Compte tenu de l’urgence, il y a lieu d’admettre M. A... au bénéfice de l’aide juridictionnelle à titre provisoire. Par suite, son avocate peut se prévaloir des dispositions combinées des articles L. 761-1 du code de justice administrative et 37 de la loi du 10 juillet 1991. Il y a lieu, dans les circonstances de l’espèce, sous réserve que Me Youchenko renonce à percevoir la somme correspondant à la part contributive de l’Etat, et sous réserve de l’admission définitive de M. A... au bénéfice de l’aide juridictionnelle, de mettre à la charge de l’Etat le versement à Me Youchenko, conseil de M. A..., de la somme de 1 000 euros. Dans le cas où l’aide juridictionnelle ne serait pas accordée par le bureau d’aide juridictionnelle, la somme de 1 000 euros sera versée directement au requérant.


O R D O N N E :

Article 1er : M. A... est admis au bénéfice de l’aide juridictionnelle à titre provisoire.

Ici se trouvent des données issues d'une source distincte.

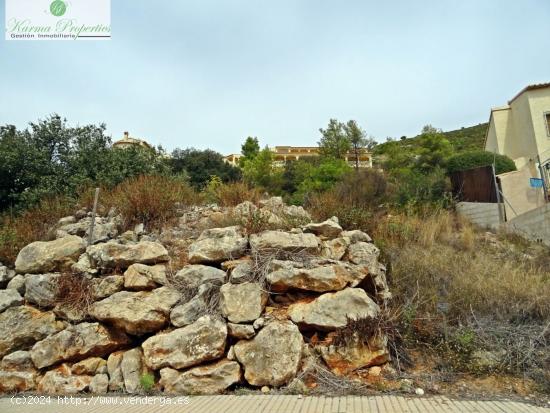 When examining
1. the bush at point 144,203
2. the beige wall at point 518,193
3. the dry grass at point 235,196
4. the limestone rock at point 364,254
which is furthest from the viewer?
the beige wall at point 518,193

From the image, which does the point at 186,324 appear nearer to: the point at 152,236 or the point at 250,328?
the point at 250,328

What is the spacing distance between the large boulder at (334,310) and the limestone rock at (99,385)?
2231 mm

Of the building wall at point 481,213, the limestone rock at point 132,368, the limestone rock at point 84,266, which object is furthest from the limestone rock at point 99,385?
the building wall at point 481,213

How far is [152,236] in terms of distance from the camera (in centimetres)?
598

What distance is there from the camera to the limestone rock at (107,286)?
4484 mm

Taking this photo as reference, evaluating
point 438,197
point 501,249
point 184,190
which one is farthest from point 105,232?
point 438,197

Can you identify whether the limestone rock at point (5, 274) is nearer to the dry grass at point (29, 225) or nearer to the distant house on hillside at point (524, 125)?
the dry grass at point (29, 225)

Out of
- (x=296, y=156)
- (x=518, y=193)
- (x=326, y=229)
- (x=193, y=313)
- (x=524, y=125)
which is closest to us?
(x=193, y=313)

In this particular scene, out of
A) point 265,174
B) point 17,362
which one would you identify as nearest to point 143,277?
point 17,362

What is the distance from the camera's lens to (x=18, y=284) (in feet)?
15.6

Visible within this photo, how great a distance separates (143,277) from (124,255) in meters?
0.55

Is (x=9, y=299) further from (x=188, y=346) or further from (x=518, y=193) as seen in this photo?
(x=518, y=193)

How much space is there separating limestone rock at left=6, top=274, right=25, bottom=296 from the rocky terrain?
1 cm

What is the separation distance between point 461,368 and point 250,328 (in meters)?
2.30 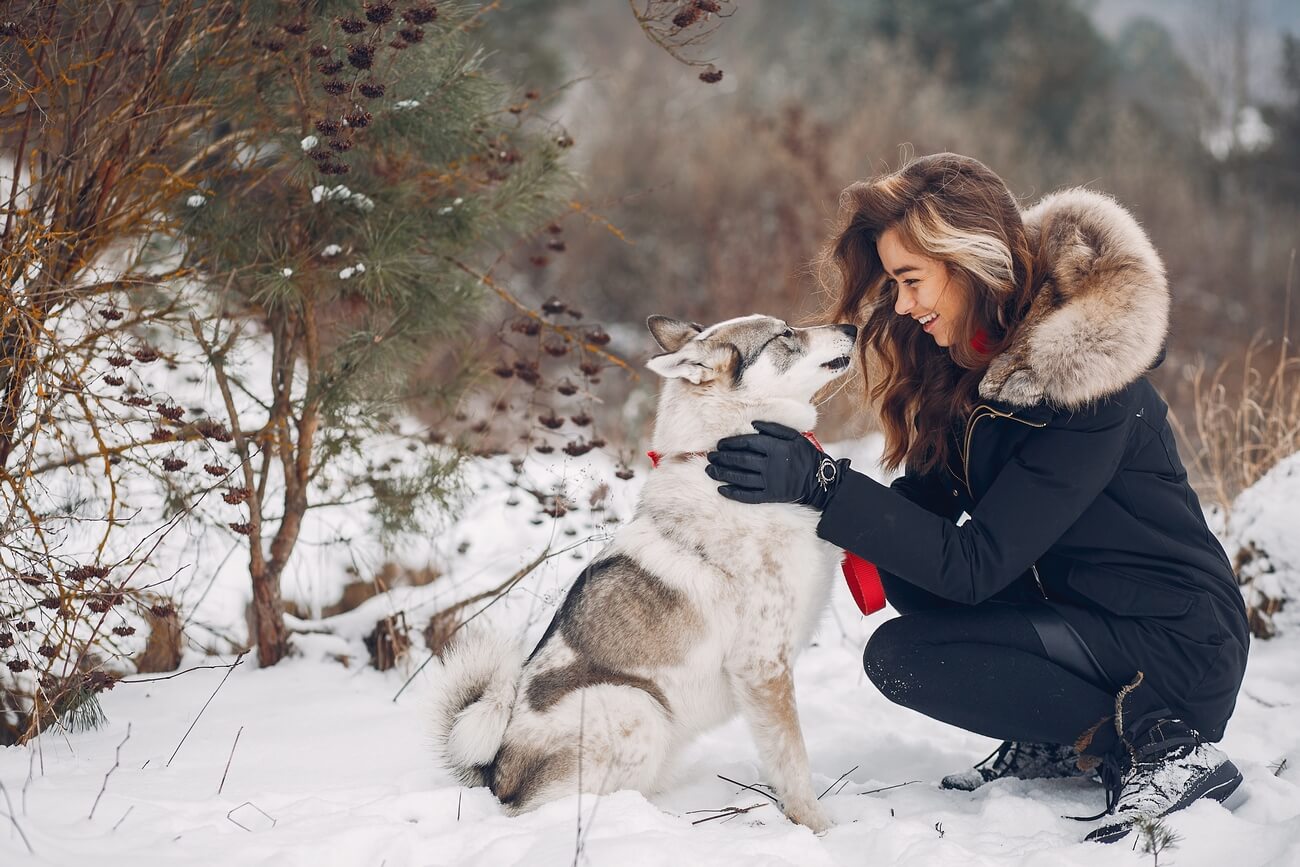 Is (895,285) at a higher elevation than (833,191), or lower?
higher

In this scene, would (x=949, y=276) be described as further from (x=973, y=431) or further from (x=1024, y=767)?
(x=1024, y=767)

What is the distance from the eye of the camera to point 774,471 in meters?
2.70

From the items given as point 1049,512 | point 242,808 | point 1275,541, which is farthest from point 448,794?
point 1275,541

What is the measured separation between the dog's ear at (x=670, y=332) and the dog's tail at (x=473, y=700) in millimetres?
1109

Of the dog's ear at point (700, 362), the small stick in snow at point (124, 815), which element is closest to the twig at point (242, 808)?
the small stick in snow at point (124, 815)

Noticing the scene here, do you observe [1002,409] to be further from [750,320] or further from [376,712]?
[376,712]

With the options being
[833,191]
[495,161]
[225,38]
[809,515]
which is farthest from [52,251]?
[833,191]

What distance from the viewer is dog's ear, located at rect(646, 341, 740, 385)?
9.55ft

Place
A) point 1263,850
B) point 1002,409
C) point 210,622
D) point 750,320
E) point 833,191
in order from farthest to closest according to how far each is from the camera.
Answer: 1. point 833,191
2. point 210,622
3. point 750,320
4. point 1002,409
5. point 1263,850

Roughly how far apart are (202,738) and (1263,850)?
3.16m

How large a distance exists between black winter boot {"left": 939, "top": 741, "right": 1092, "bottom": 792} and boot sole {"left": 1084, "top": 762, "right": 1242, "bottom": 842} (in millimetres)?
442

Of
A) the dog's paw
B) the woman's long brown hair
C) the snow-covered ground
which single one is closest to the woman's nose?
the woman's long brown hair

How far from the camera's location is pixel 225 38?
11.0ft

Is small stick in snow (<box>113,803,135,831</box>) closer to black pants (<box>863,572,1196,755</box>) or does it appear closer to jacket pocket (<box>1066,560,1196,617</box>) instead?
black pants (<box>863,572,1196,755</box>) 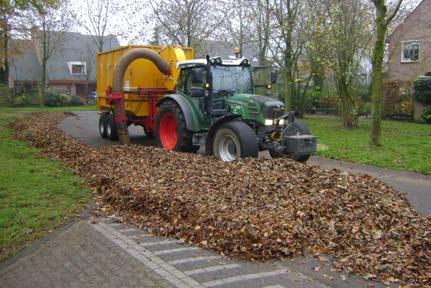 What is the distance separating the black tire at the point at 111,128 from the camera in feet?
56.8

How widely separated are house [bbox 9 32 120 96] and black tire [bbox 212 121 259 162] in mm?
48034

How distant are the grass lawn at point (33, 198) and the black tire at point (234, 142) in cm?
341

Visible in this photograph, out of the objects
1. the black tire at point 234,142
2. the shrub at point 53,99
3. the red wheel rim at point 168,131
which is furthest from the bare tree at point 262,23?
the shrub at point 53,99

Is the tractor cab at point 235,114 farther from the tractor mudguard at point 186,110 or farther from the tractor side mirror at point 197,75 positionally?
the tractor mudguard at point 186,110

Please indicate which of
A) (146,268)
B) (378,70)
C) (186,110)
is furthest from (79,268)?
(378,70)

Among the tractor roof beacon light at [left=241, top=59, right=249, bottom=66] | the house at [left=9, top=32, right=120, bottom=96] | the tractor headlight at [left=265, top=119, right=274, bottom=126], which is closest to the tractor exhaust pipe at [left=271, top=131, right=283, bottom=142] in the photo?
the tractor headlight at [left=265, top=119, right=274, bottom=126]

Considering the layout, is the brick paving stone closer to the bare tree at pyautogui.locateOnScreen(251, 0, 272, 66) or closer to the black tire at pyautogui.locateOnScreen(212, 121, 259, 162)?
the black tire at pyautogui.locateOnScreen(212, 121, 259, 162)

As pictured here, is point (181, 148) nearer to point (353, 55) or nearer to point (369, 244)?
point (369, 244)

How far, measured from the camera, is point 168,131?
1413 cm

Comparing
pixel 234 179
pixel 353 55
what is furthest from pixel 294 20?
pixel 234 179

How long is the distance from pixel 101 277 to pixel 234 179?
3.52 m

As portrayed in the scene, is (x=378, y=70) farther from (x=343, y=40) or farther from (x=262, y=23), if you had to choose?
(x=262, y=23)

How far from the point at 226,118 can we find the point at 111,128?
6.94 metres

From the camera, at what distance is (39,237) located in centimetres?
628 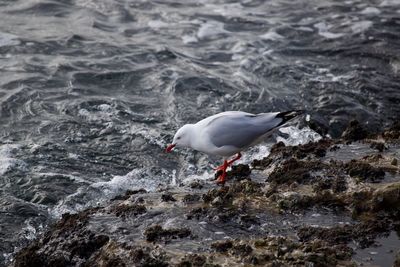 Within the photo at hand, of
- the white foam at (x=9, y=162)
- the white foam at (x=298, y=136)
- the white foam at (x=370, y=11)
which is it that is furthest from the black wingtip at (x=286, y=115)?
the white foam at (x=370, y=11)

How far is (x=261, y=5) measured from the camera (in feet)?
47.6

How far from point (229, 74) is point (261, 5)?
13.7 ft

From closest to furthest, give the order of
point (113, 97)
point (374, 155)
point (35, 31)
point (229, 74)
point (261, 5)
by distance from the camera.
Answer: point (374, 155)
point (113, 97)
point (229, 74)
point (35, 31)
point (261, 5)

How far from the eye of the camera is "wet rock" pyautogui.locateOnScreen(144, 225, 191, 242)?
16.7ft

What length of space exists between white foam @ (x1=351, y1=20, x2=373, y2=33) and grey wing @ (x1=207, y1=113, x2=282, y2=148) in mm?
6659

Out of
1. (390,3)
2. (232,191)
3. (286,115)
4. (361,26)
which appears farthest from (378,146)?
(390,3)

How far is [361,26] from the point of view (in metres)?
12.8

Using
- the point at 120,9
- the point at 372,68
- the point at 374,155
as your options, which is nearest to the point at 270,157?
the point at 374,155

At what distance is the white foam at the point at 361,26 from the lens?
12621 mm

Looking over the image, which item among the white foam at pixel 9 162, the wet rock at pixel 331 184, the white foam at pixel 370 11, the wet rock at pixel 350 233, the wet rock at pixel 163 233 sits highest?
the wet rock at pixel 350 233

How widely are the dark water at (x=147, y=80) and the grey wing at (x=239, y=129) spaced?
4.44 feet

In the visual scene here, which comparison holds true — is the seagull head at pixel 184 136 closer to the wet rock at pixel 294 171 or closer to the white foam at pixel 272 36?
the wet rock at pixel 294 171

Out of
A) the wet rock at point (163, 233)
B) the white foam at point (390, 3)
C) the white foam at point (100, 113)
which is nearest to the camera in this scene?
the wet rock at point (163, 233)

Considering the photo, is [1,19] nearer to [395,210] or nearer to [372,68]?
[372,68] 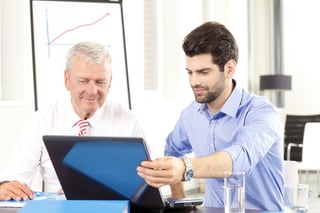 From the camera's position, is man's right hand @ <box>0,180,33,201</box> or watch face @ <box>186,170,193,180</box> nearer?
watch face @ <box>186,170,193,180</box>

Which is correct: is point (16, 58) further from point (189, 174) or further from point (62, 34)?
point (189, 174)

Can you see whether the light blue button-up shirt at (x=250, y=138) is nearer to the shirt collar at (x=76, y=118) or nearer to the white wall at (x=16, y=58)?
the shirt collar at (x=76, y=118)

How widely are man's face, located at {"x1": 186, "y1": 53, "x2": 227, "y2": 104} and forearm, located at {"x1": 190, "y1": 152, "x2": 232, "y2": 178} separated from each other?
436 mm

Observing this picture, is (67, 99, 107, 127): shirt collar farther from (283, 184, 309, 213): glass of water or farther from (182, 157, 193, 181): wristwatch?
(283, 184, 309, 213): glass of water

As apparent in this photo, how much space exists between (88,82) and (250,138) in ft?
2.53

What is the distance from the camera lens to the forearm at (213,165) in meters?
1.78

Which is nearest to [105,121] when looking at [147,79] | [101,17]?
[101,17]

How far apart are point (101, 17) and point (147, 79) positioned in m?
2.88

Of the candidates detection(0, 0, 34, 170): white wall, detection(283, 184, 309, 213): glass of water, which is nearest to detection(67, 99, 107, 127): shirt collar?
detection(283, 184, 309, 213): glass of water

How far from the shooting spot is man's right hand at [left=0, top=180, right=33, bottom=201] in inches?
81.9

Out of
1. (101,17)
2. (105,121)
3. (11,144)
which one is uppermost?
(101,17)

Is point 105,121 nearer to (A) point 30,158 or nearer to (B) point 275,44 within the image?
(A) point 30,158

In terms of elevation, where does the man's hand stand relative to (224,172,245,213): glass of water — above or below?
above

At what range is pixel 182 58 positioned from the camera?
698cm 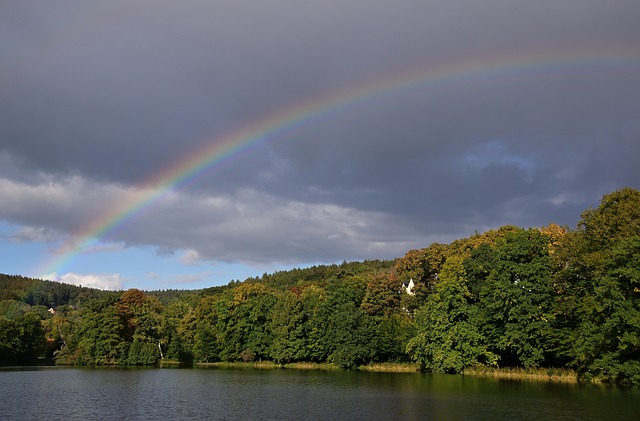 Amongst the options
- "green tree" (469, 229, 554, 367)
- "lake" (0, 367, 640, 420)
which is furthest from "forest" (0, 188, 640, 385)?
"lake" (0, 367, 640, 420)

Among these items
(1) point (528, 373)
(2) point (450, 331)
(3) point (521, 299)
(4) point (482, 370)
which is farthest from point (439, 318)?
(1) point (528, 373)

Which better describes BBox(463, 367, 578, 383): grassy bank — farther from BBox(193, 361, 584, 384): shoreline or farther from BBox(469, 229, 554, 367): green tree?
BBox(469, 229, 554, 367): green tree

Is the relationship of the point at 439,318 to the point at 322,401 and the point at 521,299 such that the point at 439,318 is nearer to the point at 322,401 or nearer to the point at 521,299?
the point at 521,299

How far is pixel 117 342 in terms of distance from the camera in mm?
100188

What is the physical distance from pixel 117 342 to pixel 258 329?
A: 29893mm

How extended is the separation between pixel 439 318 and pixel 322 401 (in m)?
30.4

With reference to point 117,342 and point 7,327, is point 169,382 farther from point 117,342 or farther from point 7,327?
point 7,327

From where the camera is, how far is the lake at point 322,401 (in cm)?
3155

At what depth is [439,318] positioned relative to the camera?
214ft

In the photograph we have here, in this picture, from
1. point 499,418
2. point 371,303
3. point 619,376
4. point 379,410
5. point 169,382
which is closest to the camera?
point 499,418

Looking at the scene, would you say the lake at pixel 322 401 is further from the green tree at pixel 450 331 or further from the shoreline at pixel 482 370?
the green tree at pixel 450 331

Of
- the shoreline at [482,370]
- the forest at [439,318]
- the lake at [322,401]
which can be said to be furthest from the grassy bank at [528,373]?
the lake at [322,401]

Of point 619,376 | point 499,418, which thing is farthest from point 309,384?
point 619,376

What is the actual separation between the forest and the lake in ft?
21.4
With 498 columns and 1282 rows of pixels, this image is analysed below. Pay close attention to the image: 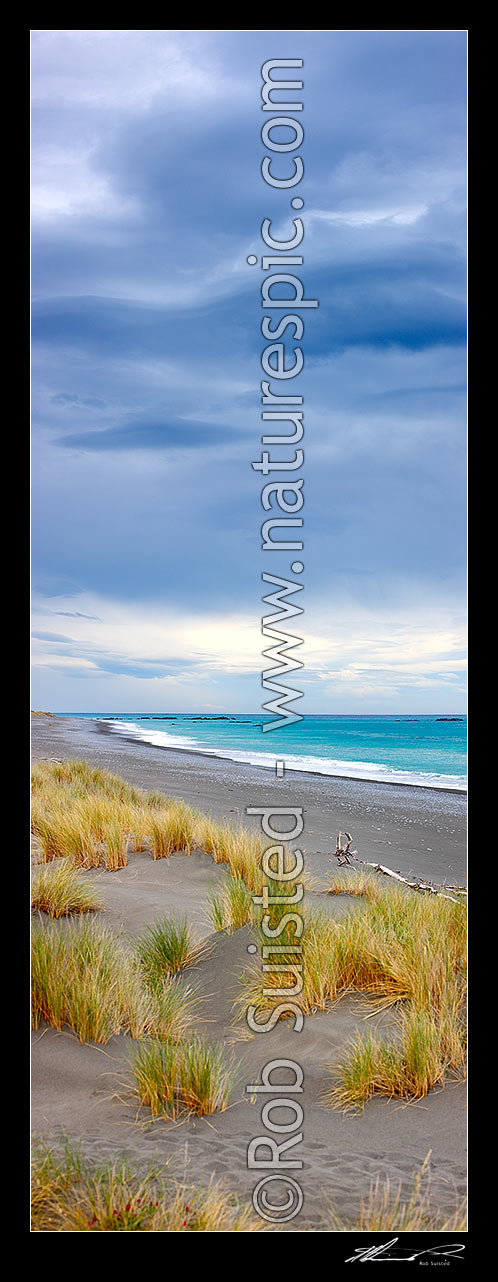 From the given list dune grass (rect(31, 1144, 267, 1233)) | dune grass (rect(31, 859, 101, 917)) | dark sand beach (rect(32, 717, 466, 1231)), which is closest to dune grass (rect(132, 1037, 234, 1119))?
dark sand beach (rect(32, 717, 466, 1231))

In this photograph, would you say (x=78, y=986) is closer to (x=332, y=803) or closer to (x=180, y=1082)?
(x=180, y=1082)

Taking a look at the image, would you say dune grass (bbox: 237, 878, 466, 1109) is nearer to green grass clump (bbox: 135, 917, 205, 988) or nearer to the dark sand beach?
the dark sand beach

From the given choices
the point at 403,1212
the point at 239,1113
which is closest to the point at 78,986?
the point at 239,1113

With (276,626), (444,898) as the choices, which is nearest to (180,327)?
(276,626)

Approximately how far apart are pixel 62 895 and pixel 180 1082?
2.08 m

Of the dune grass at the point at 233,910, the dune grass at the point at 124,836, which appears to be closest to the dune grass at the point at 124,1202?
the dune grass at the point at 233,910

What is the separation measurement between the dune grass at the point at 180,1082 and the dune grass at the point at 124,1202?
0.31 meters

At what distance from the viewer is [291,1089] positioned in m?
3.10

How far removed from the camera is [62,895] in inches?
193

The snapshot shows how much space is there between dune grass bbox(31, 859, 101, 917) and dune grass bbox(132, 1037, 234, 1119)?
192cm

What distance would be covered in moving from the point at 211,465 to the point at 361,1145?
336 cm

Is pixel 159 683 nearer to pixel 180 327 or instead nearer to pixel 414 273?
pixel 180 327

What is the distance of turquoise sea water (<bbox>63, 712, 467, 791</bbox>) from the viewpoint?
20.1 metres

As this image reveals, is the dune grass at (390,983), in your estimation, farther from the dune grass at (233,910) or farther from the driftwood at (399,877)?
the driftwood at (399,877) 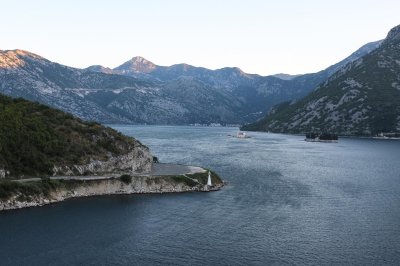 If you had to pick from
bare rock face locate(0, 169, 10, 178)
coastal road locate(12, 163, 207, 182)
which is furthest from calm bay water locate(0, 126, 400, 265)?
bare rock face locate(0, 169, 10, 178)

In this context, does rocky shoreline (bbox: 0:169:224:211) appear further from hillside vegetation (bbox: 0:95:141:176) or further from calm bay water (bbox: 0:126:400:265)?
hillside vegetation (bbox: 0:95:141:176)

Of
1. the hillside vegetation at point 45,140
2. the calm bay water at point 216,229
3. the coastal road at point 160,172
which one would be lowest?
the calm bay water at point 216,229

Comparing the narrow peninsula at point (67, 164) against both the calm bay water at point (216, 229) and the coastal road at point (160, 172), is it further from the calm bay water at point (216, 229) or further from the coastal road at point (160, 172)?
the calm bay water at point (216, 229)

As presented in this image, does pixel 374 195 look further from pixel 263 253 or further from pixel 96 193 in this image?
pixel 96 193

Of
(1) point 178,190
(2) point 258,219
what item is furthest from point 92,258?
(1) point 178,190

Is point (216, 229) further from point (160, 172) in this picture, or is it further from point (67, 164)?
point (67, 164)

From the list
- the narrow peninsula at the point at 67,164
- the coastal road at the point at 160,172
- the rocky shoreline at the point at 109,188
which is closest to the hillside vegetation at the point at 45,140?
the narrow peninsula at the point at 67,164

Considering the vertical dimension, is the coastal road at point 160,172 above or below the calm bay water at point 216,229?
above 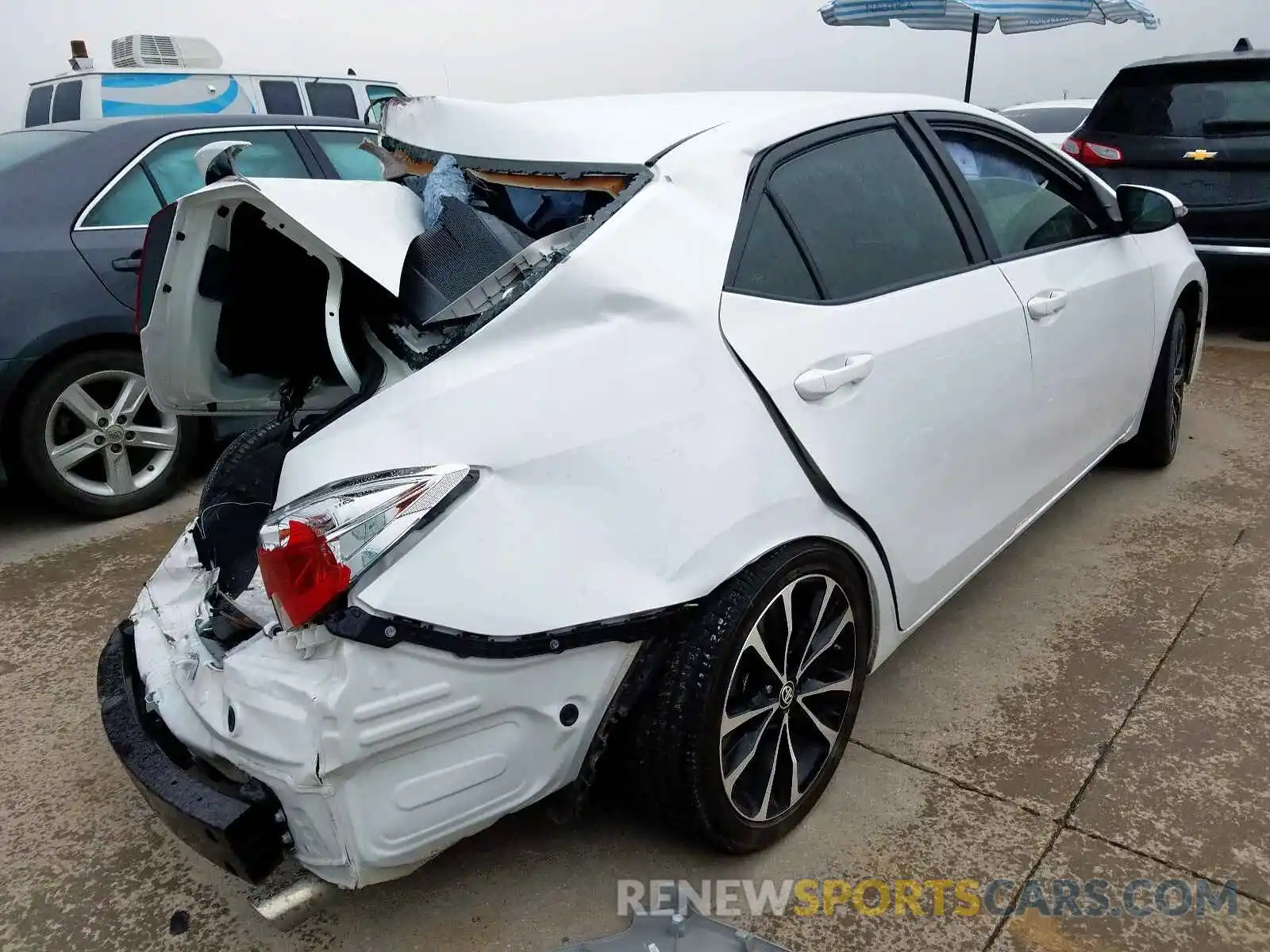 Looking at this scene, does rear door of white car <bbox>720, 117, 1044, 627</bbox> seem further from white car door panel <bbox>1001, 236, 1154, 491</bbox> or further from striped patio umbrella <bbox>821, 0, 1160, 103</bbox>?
striped patio umbrella <bbox>821, 0, 1160, 103</bbox>

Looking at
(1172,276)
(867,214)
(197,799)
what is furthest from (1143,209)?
(197,799)

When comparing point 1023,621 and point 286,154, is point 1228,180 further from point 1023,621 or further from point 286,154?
point 286,154

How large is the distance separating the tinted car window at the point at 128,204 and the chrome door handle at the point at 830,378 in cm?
322

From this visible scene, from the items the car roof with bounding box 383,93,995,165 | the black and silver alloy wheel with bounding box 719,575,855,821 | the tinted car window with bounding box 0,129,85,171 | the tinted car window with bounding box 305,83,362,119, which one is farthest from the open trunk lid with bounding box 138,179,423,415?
the tinted car window with bounding box 305,83,362,119

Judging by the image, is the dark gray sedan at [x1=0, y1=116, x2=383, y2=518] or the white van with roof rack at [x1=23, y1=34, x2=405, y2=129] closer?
the dark gray sedan at [x1=0, y1=116, x2=383, y2=518]

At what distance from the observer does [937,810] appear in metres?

Article 2 : Il est enjoint au préfet des Bouches-du-Rhône de délivrer à M. A... dans le délai de quinze jours à compter de la notification de la présente ordonnance un document provisoire de séjour l’autorisant à exercer une activité professionnelle.

Article 3 : Une astreinte de 50 euros par jour est prononcée à l’encontre de l’Etat s’il n’est pas justifié de l’exécution de la présente ordonnance dans le délai mentionné à l’article 2 ci-dessus. Le préfet des Bouches-du-Rhône communiquera au tribunal copie des actes justifiant des mesures prises pour exécuter la présente ordonnance.

Article 4 : L’Etat versera la somme de 1 000 (mille) euros à Me Youchenko en application des dispositions des articles L. 761-1 du code de justice administrative et 37 de la loi du 10 juillet 1991, sous les réserves énoncées au point 3 de la présente décision. Dans le cas où l’aide juridictionnelle ne serait pas accordée à M. A..., la somme de 1 000 euros lui sera versée.

Article 5 : La présente ordonnance sera notifiée à M. B... A... et au ministre de l'intérieur.

Copie en sera adressée au préfet des Bouches-du-Rhône.
Fait à Marseille, 19 janvier 2026.



Le juge des référés,

Signé

T. Trottier

La République mande et ordonne au ministre de l’intérieur en ce qui le concerne ou à tous commissaires de justice à ce requis en ce qui concerne les voies de droit commun contre les parties privées, de pourvoir à l’exécution de la présente décision.